While we’re still some way off equality between the men and women’s game, as the lack of databases – not to mention the monetary discrepancies – highlights, the two forms of the sport are converging. Football is football, after all. The BBC and Sky Sports have just struck a deal to show WSL matches, while former pros Alex Scott, Rachel Yankey, and Eni Aluko, plus Chelsea manager Emma Hayes, have all been part of the regular rotation of football pundits over the last season. Hayes, a fan favourite of ITV’s Euros 2020 coverage, has also been heavily involved in Football Manager’s initiative, having previously featured in the game herself.

“Imagine the co-commentary that Emma was doing during the Euros, and being able to have that in multi-hour conversations where you can ask her any question that you want to,” Jacobson says. “She will give you the answer in full football terms and terminology.

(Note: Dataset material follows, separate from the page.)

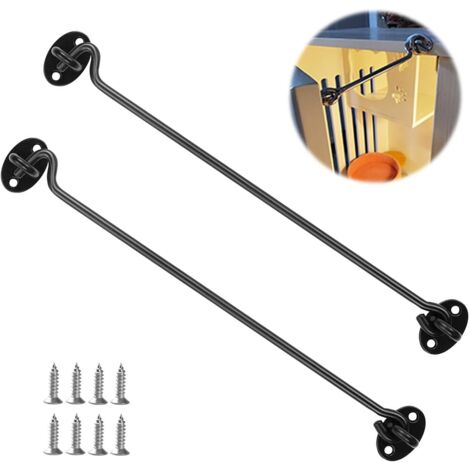 Gancho para cabina, pestillo para puerta de cabina, pestillo de refugio, gancho para cabina, ganchos para cabina, ganchos para tormentas, gancho de cabina de acero inoxidable (negro) (1/5)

We're a video games company, but we're also a football company. The level of detail that we're getting from Emma, we're able to learn so much from her, and other people as well. Emma is the person who's been out there talking about this publicly, but there are lots of other people behind the scenes that we’re talking to. But having someone as knowledgeable as Emma involved just makes our lives a lot easier.”

Access to football minds like Hayes’ is another reason why Football Manager has decided to signal its intent with the women’s game so early. “I'm spoiled rotten,” Jacobson says. “There are clubs that I can go to around the world that I can phone them up on one day and say ‘Hey, can I pop down to training the next day?’ And it's ‘Yes’, because they know that nothing will ever leak. We are ensconced in the football world in that way. We have a series called foot talks. So every month we get somebody from the professional game – we just had [Watford captain] Troy Deeney as a player, and we had [Burnley manager] Sean Dyche, we've had Emma do one of those as well.

"It's brilliant having Emma involved and she is probably the most high profile of managers in the women's game, but Emma's also been in Football Manager for a few years. If you think what she did during the Euros was good, her in real life is so much more awesome. She's an incredible person and a great advocate for women's football, this isn't someone that we're slapping on the sleeve as a cover star, she and many other people are involved in helping us develop the game.”